I'm privileged. I'm a white male born
in a rich part of a rich country to parents whose employment was as
stable as their relationship. I went to a state school but by virtue
of academic selection it was able to pretend convincingly to be a
private one. To those thinking perhaps this Buckinghamshire grammar school was an engine of social mobility, I should point out that when
I arrived at Oxford University one of the things that struck me was
its social and ethnic diversity.
At Oxford, I met people who'd been to
comprehensives for the first time and I learned that they'd faced
hostility from less successful pupils to a far greater degree than I
had. I think this was due to the degree of inequality; underachievers
at my school got Cs or in rare cases Ds, at their schools the lowest
grades were Fs, Gs and Us. Perhaps because of this none of them were
as positive about school as I was; they were happier to have left. I
loved school, but I couldn't tell if this was because it was a more
equal society or because it was full of rich, privileged boys like
me.
My journey continued when I went to
work in Central Foundation Girls School, a comprehensive in Tower
Hamlets.
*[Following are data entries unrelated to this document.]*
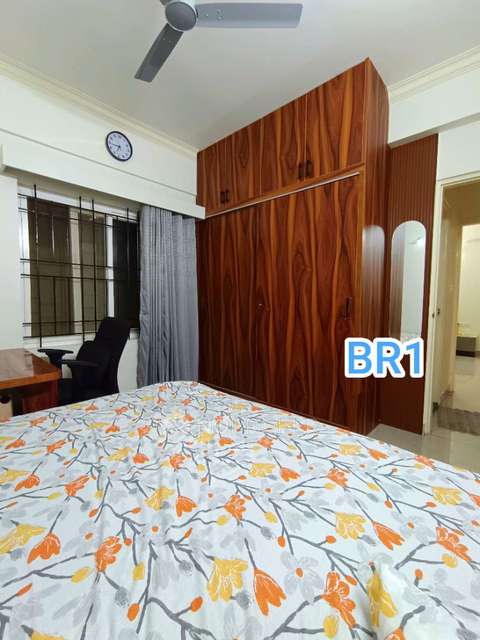 2 BHK Flat In Saibya Senary For Sale  In Chikkanagamangala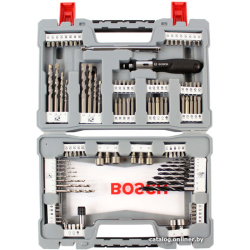             Набор оснастки Bosch 2608P00236 (105 предмет)        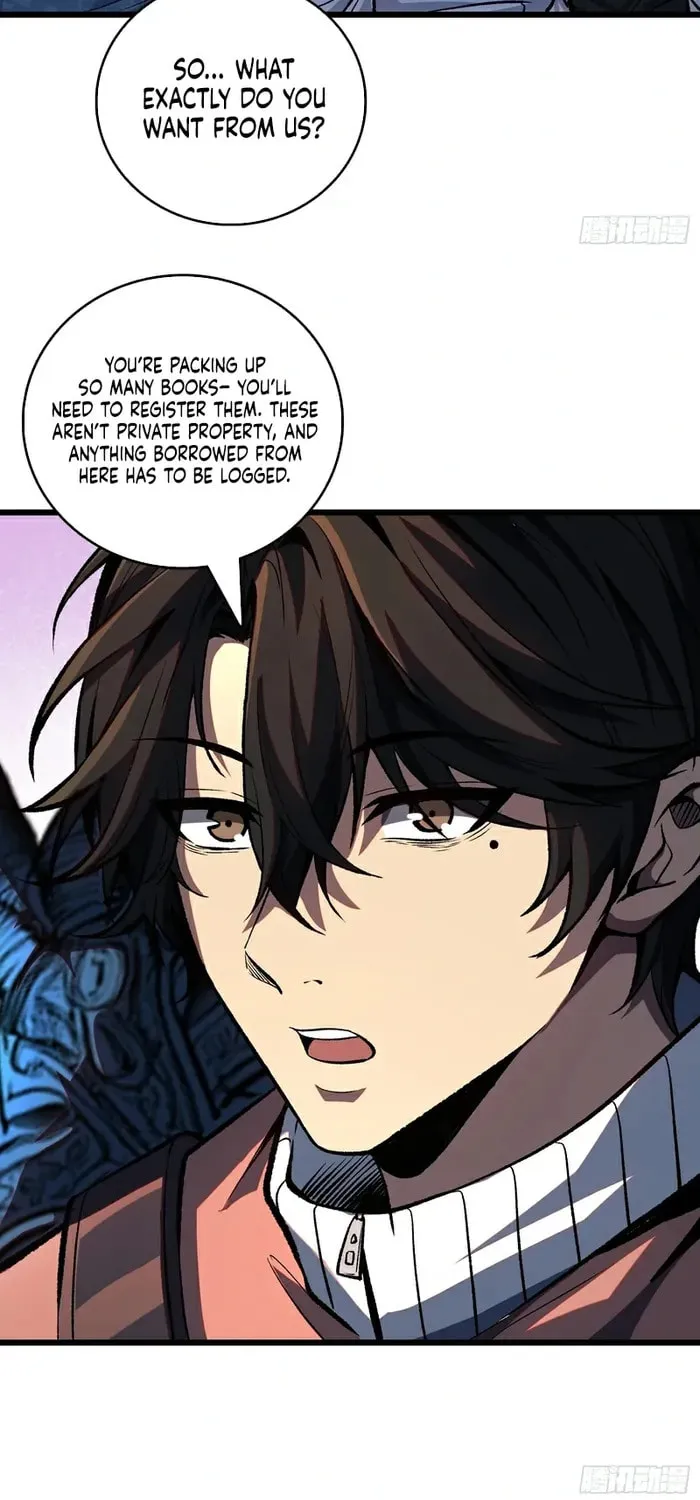 I Single-Handedly Crush the Chaotic World Chapter 5 page 21 - 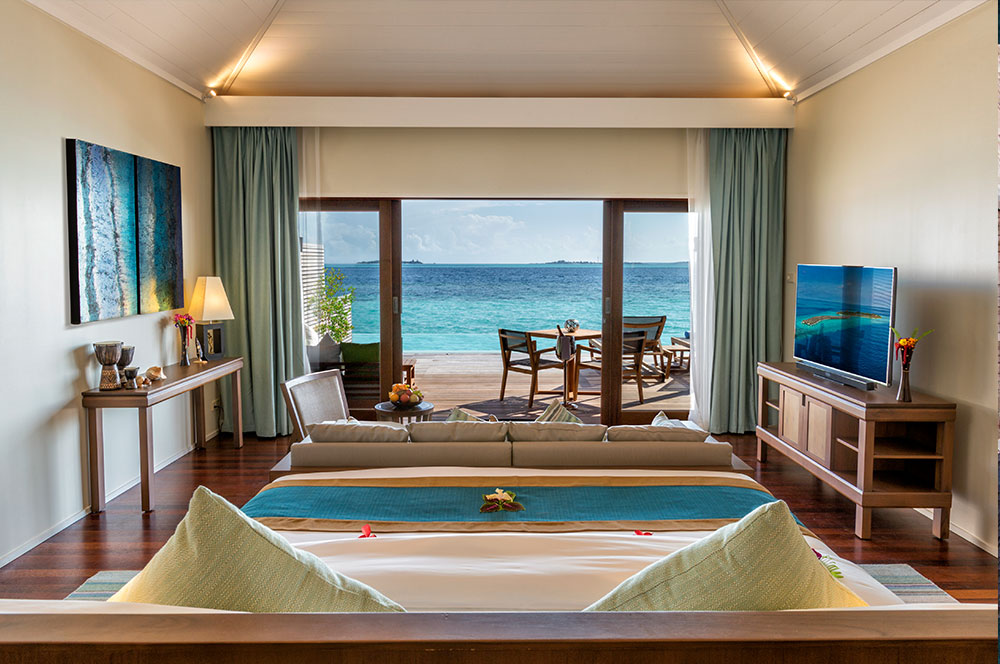 Taprobane Leisure Maldives Hurawalhi Island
I made tea for SMT meetings and the Head's lunch; on my CV
it says 'School Butler' though I was really more of a footman. Later
I became Exams Officer, a sideways move, and in my three and half
years at Central I met a new group for the first time: working class
people who weren't succeeding academically. I volunteered for break
and lunch duty because most of day was spent with SIMS, a boring
colleague, and I was intrigued by the pupils, especially those who
were unlike any people I'd ever met before.
Schools are great places to work
because they're full of people who choose to spend their lives
improving the lives of others and conversations down the pub after
work frequently turned to how the school could be improved. Although
all the teachers wanted kids to succeed regardless of background, few
of them expected that to happen. Paradoxically, it seemed to me that
those who cared the most about the poor kids were the most convinced
that they were victims of their circumstances. Those same kids whom I
met didn't strike me as victims at all, they seemed intelligent and
purposeful.
I blogged in an earlier piece why I
think those children made a rational choice to fail in education.
Here I want to take issue with the concept of 'check your privilege'
which seems to want to confine opinions about groups of people to
members of those groups – black people should talk about race, gay
people homosexuality, poor people class. I'm absolutely not saying my
opinions about working class kids are more valid than anyone else's,
only that they're valid. I want to live in an equal society with no
class distinctions so becoming the change I want to see means having
the right to discuss anyone, regardless of their background. I came to the unusual opinion that the curriculum, not bad teaching
or crippling poverty is responsible for the achievement gap because,
not in spite, of my unusually privileged upbringing.
So by all means let's check our
privilege, but let's not be checked by it.